Mike recognized me, and came over to greet me at once. We headed over to his desk by the window, and he told me he was excited about my tattoo idea. In fact, he had talked about it with Adam Hays over the weekend, who was jealous that HE didn’t get to do it; evidently it’s right up his alley. I was happy that this tattoo was a thing to be coveted, but I felt bad because I had been considering Adam for this piece, and I’ve been admiring his work for a long time. I hemmed and hawed and tried to explain why I chose Mike instead, but he just dismissed it with a smile and a simple “we’ll show him how it’s done.”
We sat down to talk about the design. I brought in a crapload of reference, including:
- The New Dinosaurs, by William Stout
- Alphonse Mucha, by Sarah Mucha (the shop has their own Mucha book, as I expected)
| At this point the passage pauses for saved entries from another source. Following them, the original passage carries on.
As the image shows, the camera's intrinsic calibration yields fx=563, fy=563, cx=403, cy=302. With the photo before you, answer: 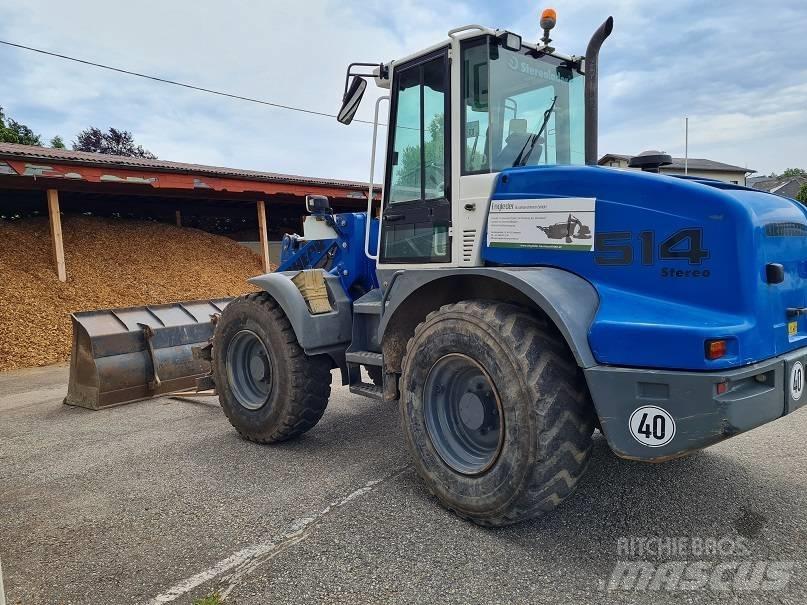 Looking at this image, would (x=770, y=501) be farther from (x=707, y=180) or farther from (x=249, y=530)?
(x=249, y=530)

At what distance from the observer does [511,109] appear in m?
3.54

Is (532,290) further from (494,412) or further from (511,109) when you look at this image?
(511,109)

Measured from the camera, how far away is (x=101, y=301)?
11219 millimetres

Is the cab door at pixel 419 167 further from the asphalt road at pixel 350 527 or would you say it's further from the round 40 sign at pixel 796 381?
the round 40 sign at pixel 796 381

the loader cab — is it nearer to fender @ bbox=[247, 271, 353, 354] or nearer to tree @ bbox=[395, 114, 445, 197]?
tree @ bbox=[395, 114, 445, 197]

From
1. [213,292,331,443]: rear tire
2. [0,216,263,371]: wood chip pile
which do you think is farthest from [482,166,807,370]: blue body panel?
[0,216,263,371]: wood chip pile

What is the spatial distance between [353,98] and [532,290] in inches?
84.0

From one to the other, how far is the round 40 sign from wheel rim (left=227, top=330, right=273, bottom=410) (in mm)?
3604

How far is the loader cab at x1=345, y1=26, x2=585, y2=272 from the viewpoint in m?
3.45

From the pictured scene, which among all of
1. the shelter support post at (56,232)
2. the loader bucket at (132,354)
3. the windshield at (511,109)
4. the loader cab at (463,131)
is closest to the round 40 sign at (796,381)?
the loader cab at (463,131)

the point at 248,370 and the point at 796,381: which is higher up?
the point at 796,381

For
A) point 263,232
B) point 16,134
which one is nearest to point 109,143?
point 16,134

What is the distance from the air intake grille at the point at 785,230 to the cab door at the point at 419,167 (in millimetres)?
1722

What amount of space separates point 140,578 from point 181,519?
1.97 ft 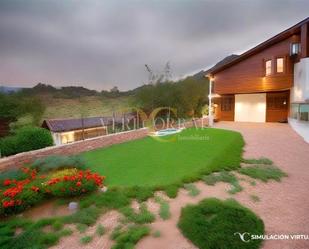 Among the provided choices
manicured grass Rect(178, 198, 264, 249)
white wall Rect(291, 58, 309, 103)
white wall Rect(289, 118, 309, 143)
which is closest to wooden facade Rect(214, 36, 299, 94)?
white wall Rect(291, 58, 309, 103)

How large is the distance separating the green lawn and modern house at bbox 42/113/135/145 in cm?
396

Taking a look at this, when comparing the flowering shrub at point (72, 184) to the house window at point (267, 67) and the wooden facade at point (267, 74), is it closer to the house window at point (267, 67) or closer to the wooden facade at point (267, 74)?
the wooden facade at point (267, 74)

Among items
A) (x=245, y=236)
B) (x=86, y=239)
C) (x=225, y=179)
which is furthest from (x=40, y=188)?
(x=225, y=179)

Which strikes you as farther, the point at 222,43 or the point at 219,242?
the point at 222,43

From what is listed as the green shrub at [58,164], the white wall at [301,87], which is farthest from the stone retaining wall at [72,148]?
the white wall at [301,87]

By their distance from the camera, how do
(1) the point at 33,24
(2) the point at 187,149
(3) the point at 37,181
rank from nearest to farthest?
(3) the point at 37,181 → (2) the point at 187,149 → (1) the point at 33,24

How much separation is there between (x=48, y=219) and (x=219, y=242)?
314 cm

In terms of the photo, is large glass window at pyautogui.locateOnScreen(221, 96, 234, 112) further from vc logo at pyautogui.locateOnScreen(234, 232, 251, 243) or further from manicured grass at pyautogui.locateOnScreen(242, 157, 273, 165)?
vc logo at pyautogui.locateOnScreen(234, 232, 251, 243)

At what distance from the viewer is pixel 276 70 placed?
15.0 meters

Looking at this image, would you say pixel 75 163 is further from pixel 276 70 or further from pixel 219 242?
pixel 276 70

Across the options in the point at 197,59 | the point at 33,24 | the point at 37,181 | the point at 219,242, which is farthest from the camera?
the point at 197,59

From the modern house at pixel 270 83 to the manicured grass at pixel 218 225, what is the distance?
28.8ft

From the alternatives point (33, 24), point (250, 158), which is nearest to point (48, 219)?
point (250, 158)

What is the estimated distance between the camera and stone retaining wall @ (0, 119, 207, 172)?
6398 mm
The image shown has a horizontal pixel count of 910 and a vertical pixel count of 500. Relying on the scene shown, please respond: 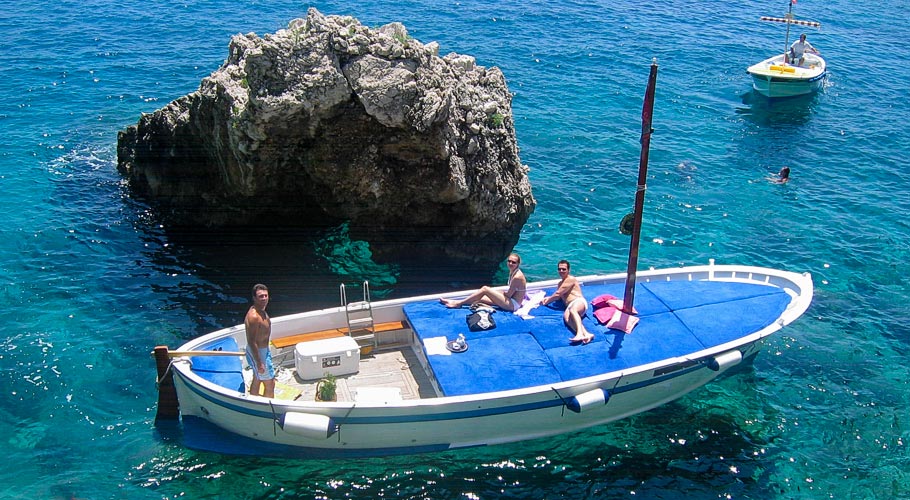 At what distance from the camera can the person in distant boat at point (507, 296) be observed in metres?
15.6

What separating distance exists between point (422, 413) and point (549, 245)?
993cm

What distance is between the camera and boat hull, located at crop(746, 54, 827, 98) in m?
32.3

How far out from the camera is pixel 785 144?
29.1 metres

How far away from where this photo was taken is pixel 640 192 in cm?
1415

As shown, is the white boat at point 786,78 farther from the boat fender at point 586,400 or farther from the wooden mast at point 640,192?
the boat fender at point 586,400

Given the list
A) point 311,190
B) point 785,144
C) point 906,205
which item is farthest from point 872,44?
point 311,190

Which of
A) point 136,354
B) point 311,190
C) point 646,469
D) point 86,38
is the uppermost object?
point 86,38

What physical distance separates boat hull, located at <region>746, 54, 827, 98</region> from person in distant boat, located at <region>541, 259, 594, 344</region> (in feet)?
69.6

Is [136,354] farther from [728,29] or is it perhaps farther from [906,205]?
[728,29]

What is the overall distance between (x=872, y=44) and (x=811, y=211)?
68.6 feet

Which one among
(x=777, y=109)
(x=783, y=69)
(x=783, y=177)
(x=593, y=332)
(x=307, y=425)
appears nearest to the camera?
(x=307, y=425)

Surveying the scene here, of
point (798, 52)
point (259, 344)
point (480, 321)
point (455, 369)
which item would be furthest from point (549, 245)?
point (798, 52)

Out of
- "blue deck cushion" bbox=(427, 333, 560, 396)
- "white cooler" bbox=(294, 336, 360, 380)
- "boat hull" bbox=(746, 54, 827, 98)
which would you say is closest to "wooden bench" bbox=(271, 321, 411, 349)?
"white cooler" bbox=(294, 336, 360, 380)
- A back issue of Tattoo magazine (September ’07, I think), bookmarked at a page featuring some work by Dan Gilsdorf of Atlas Tattoo in Portland Oregon. Dan’s pieces included a really cool-looking octopus, an ornate pair of scissors with a ribbon, and a beautiful chest-piece of traditional-styled vines and flowers.
- 15 4×6” color photographs of triceratops fossil skeletons and exotic looking flowers and plants, mostly found on flickr and Google Images.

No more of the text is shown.